Oil rich Saudi is not the only country getting slack for greenhouse gas emissions. This Canadian writer points the finger at Canada, where tar sands are yet to be an issue at climate change talks.
Climate activist groups have been attacking Saudi Arabia, saying the Middle East country is playing an obstructionist role at climate change talks. According to Derek Armstrong, from Persona Corp, Canada and their tar sands projects, should be the one taking a beating at this month’s climate change talks at Copenhagen. Armstrong has written a report on Canada’s failure to safeguard nature and people from the effects of the tar sands, not to mention the climate impact. Read on for the whole story:
“You can’t go for a walk in the forest without having an impact, because you left a footprint. That doesn’t mean you shouldn’t go for a walk in the forest,” Brian Ferguson, CEO, Cenovus Energy Inc., a company that owns interests in the Alberta tar sands development.
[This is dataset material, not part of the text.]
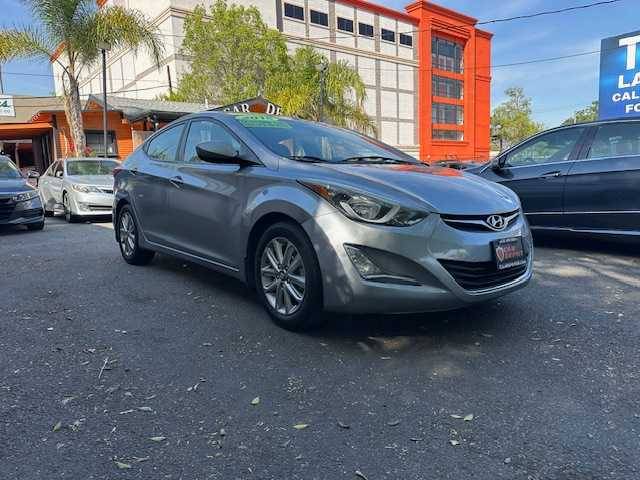 2015 Hyundai Elantra SE — Sedan — 135,391 mi — Pasadena, CA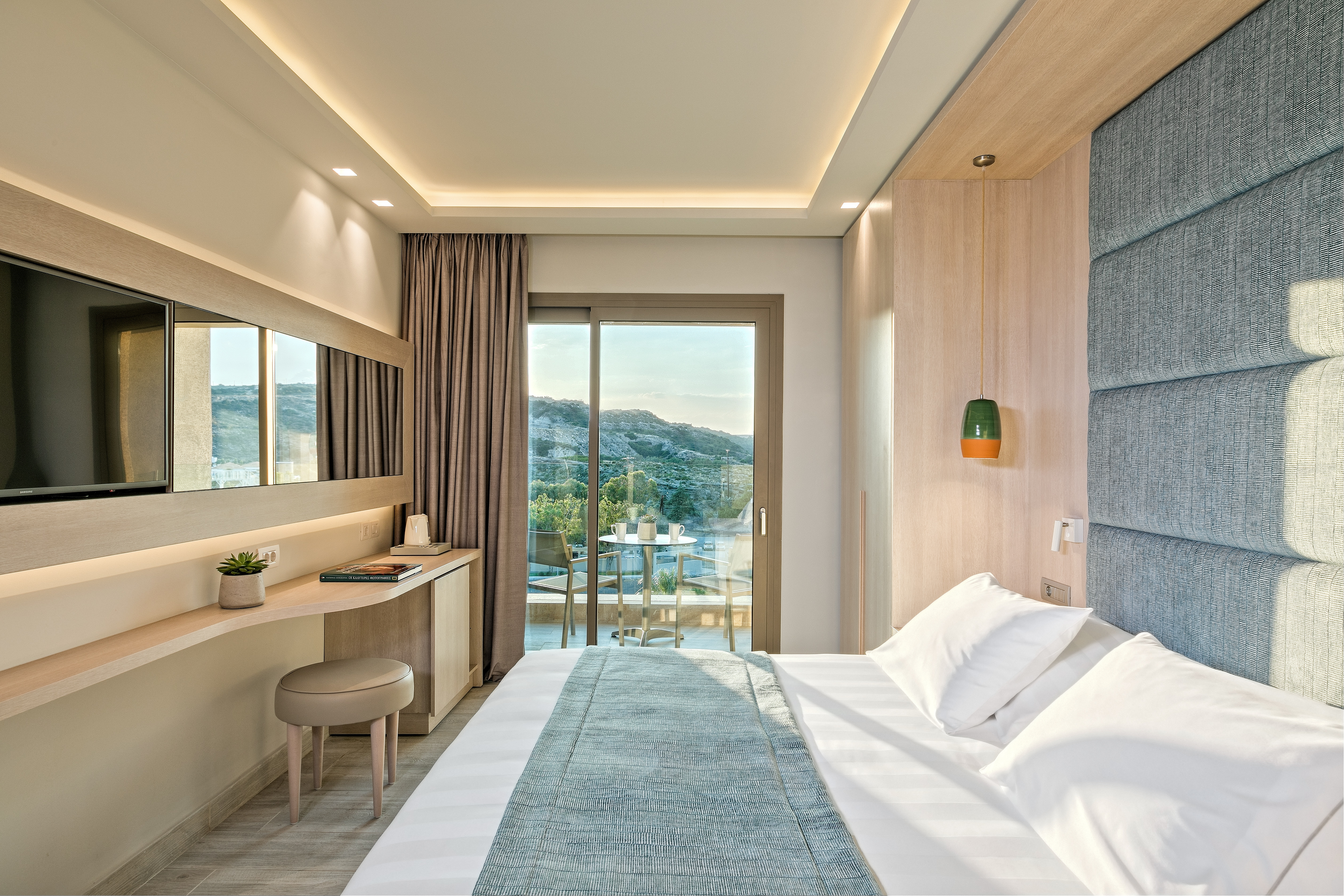 Single Mountain View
In these pre-Copenhagen days, Canada has become a bit of a whipping boy over its environmental record, especially regarding the Alberta tar sands, that vast (149,000 square kilometers) bleak area where forests have been clear-cut and the earth dug up to get at the black, oil-rich dirt.
Foreign journalists, politicians and environmentalists have attacked Canada for obstructing progress in reducing greenhouse gas emissions and for putting profit before care of the environment. George Monbiot of the Guardian wrote: “The immediate threat to the global effort to sustain a peaceful and stable world comes not from Saudi Arabia or Iran or China. It comes from Canada. How could that be true?”